§ **PROBLEM**
Locate the lines of the listing below that hold "with", then copy each of them.

§ **RAW DATA**
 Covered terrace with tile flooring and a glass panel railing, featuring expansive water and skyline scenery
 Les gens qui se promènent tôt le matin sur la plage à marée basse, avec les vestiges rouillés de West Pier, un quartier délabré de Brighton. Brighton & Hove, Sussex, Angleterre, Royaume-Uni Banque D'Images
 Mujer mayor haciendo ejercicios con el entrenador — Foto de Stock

...

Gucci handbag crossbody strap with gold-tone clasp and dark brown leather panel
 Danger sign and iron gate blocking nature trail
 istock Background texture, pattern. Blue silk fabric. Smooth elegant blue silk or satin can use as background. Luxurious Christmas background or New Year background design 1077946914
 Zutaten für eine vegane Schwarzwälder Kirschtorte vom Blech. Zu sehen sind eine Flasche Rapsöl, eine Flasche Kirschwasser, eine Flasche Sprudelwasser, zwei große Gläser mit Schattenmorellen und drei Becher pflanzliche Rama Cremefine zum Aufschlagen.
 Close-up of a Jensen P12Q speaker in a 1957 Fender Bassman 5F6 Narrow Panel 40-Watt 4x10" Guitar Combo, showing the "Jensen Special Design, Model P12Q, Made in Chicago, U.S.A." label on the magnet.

§ **WORKED SOLUTION**
 Covered terrace with tile flooring and a glass panel railing, featuring expansive water and skyline scenery
Gucci handbag crossbody strap with gold-tone clasp and dark brown leather panel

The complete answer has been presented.